- [TASK INPUT]:
--- START ---

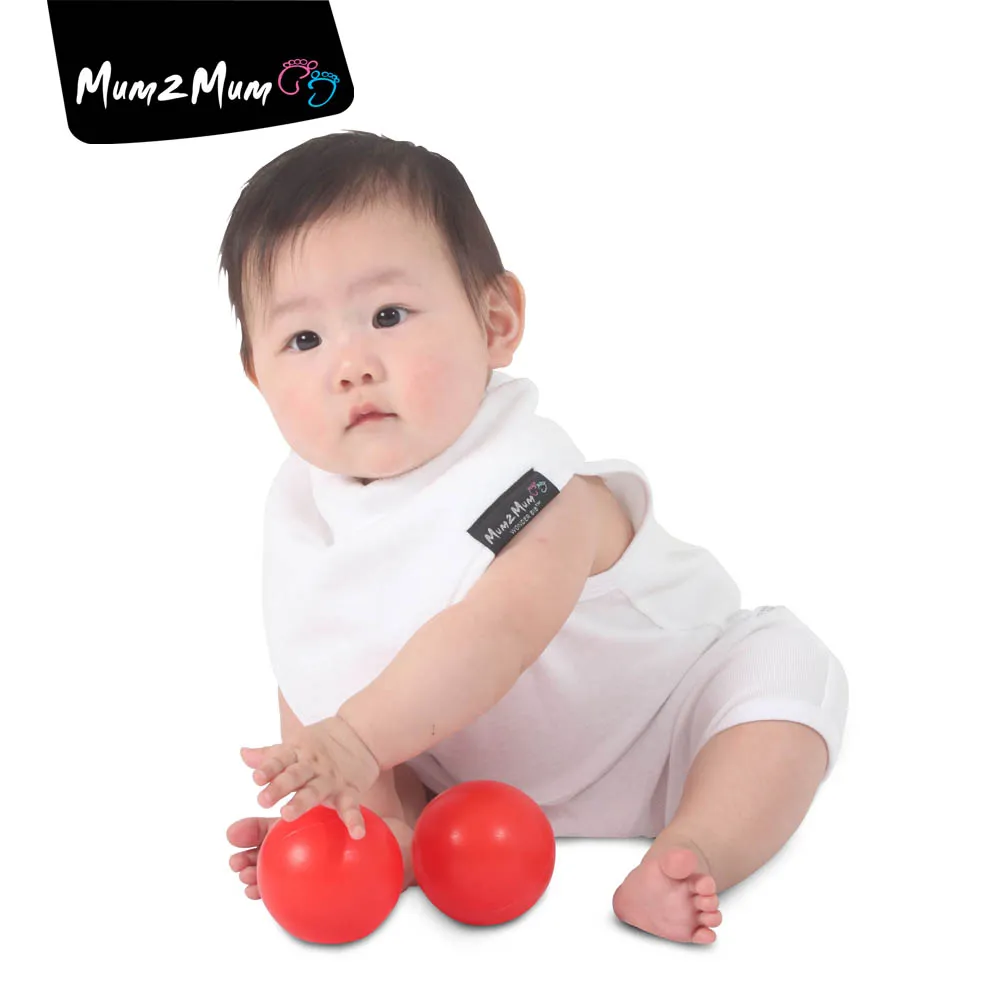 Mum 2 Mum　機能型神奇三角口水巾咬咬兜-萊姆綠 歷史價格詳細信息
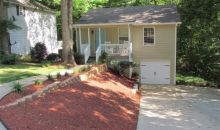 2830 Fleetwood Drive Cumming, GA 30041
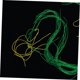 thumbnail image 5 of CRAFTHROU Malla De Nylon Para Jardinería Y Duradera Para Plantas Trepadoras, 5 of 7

--- END ---
--- START ---

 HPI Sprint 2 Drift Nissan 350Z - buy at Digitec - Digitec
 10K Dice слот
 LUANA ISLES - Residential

--- END ---
--- START ---

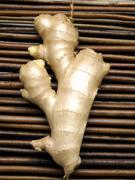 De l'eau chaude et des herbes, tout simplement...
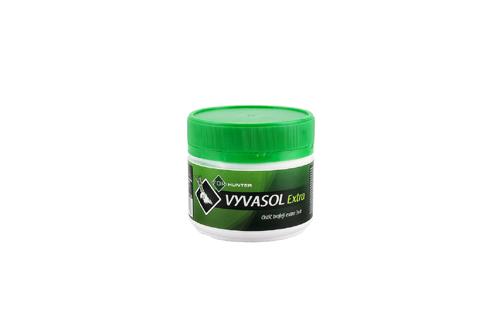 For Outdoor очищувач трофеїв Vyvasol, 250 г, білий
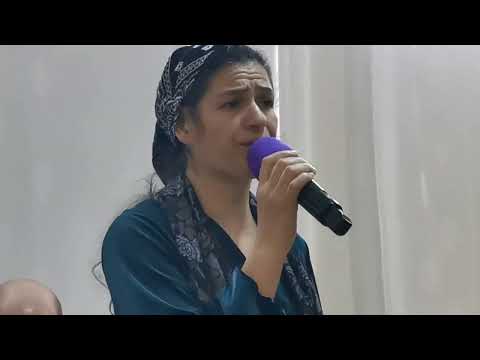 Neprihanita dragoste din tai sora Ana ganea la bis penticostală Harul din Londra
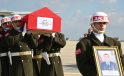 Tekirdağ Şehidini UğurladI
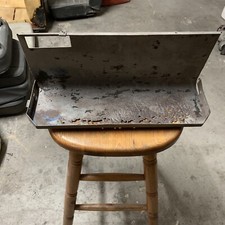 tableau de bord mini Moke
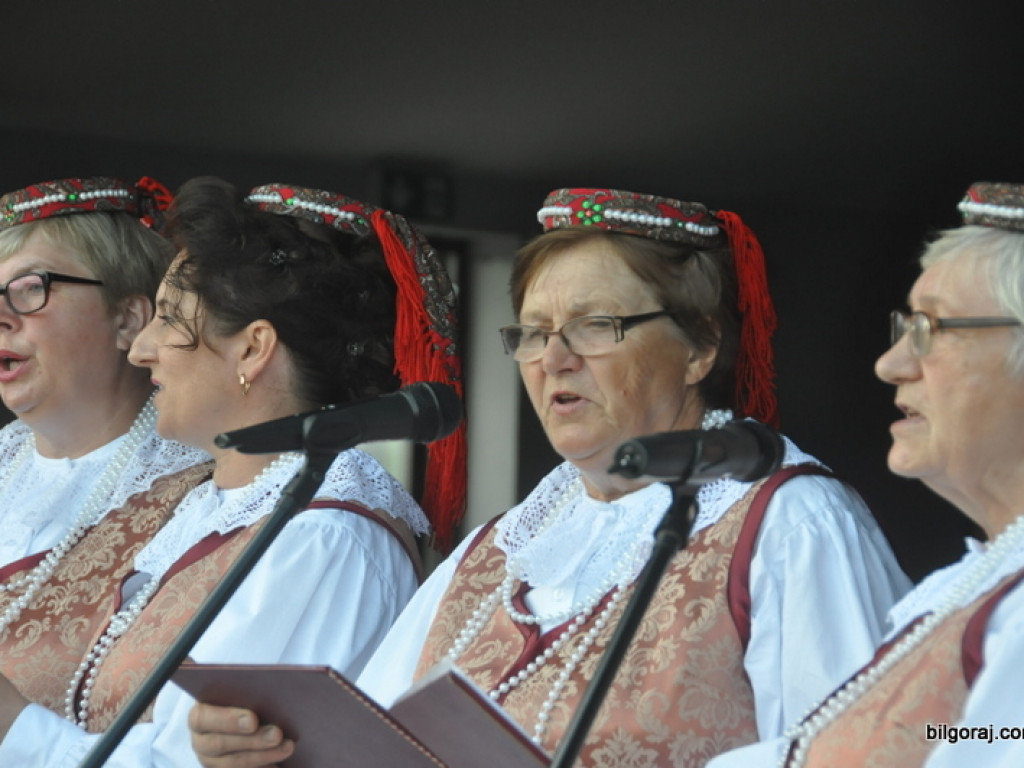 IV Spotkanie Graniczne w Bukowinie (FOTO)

--- END ---

Only one part of the material above is wanted: the lines from the one with "De l'eau chaude" up to and including the one with "IV Spotkanie Graniczne w Bukowinie (FOTO)". Please copy them exactly, pictures left out.

- [REPLY TO THE EXERCISE]:
 De l'eau chaude et des herbes, tout simplement...
 For Outdoor очищувач трофеїв Vyvasol, 250 г, білий
 Neprihanita dragoste din tai sora Ana ganea la bis penticostală Harul din Londra
 Tekirdağ Şehidini UğurladI
 tableau de bord mini Moke
 IV Spotkanie Graniczne w Bukowinie (FOTO)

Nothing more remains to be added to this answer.